Each year, 99 percent of Latin School’s senior class matriculates to four-year colleges, with scores of scholars earning admissions to Ivy League institutions and other highly selective universities. Countless alumni across eras attest that the rigor of BLS prepared them so that college actually felt, in some ways, easier and less intense. As an alumna of the school myself and having just completed my tenure as the school’s twenty-eighth headmaster (a term that changed to “head of school” in 2020) and first leader of color, I can affirm that this claim is supported by tens of thousands of success stories. Many of these tales of triumph feature students like myself, whose parents were born in other countries and knew nothing about the American college system, or students whose families have deeper roots in Boston but for whom BLS represented an elevator ride up from multigenerational poverty. For me, those accounts of changed life trajectories are a compelling counterargument to those in Boston and other places like San Francisco and New York who advocate eliminating exam schools in favor of entirely randomized assignments.

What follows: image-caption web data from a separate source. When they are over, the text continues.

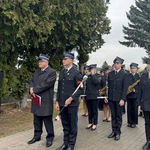 Upamiętnienie kapłanów zamordowanych w obozach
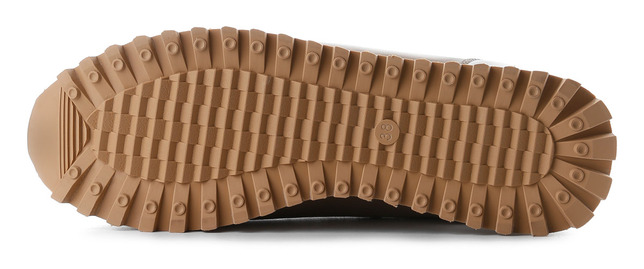 LeBERDES Кроссовки 00000015714 7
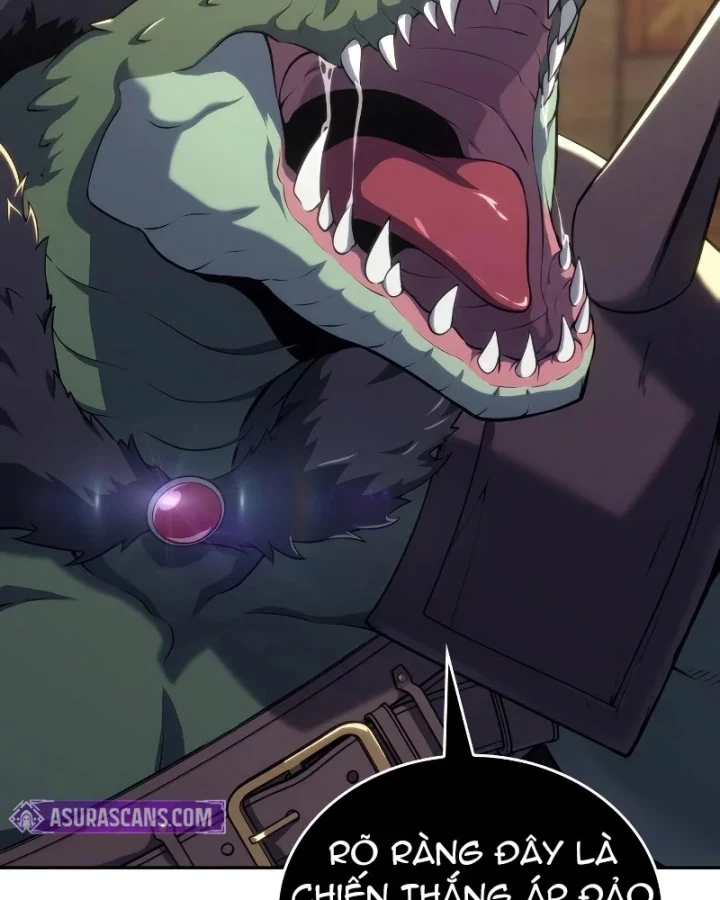 Anh Hùng Không Máu Lệ Chapter 46 - 99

Boston Latin School is not only prestigious and historic, but it is also the largest secondary school in the city, serving more than 2,400 students in grades 7–12. If your loved ones have lived in Boston for even one generation, they know someone who graduated from or attended BLS for a period of time.

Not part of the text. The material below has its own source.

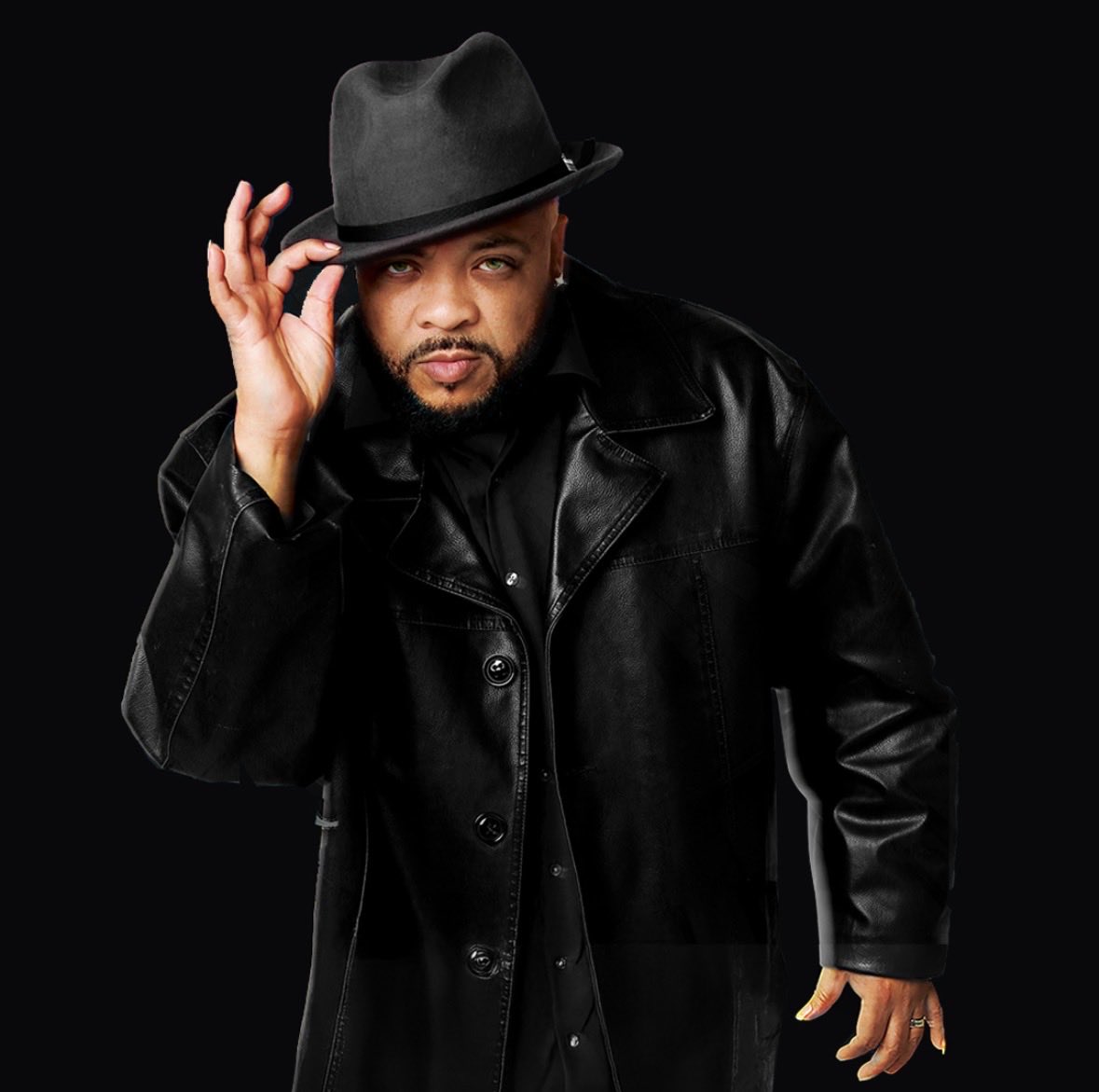 Kokane tweet media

Until more recent years, the headmaster would assemble students in the auditorium on the first day of school and say, “Look to the left of you. Look to the right of you. Two of you won’t graduate.” When I took a seat as a 7th grader in 1989, things had softened. The speech had been modified: “Look to the left of you. Look to the right of you. One of you will not graduate.” By the time I returned to alma mater as headmaster in 2017, I’d inherited the new speech: “Look to the left of you. Look to the right of you. This journey is not going to be easy, so you will need to support one another along the way.”
Each decade in the modern era has brought positive changes that create more optimal conditions for students to thrive. In 1972, BLS went coed, as did its “sister” school, Boston Latin Academy (formerly Girls Latin School). In 2010, under Lynne Mooney Teta’s leadership, honors classes, which had served as unnecessary barriers to Advanced Placement courses and also to track a school that was already tracked by nature of its selective admissions status, were eliminated. The McCarthy Institute for Transition and Support was created in 2000 to facilitate services such as peer tutoring, Saturday Success School, and workshops for students and parents on topics including executive functioning and time management. BLS has tripled the size of its student-support team, growing its number of counselors, clinicians, and special educators. Seeking help when feeling overwhelmed slowly became something less stigmatized, though we still have a way to go.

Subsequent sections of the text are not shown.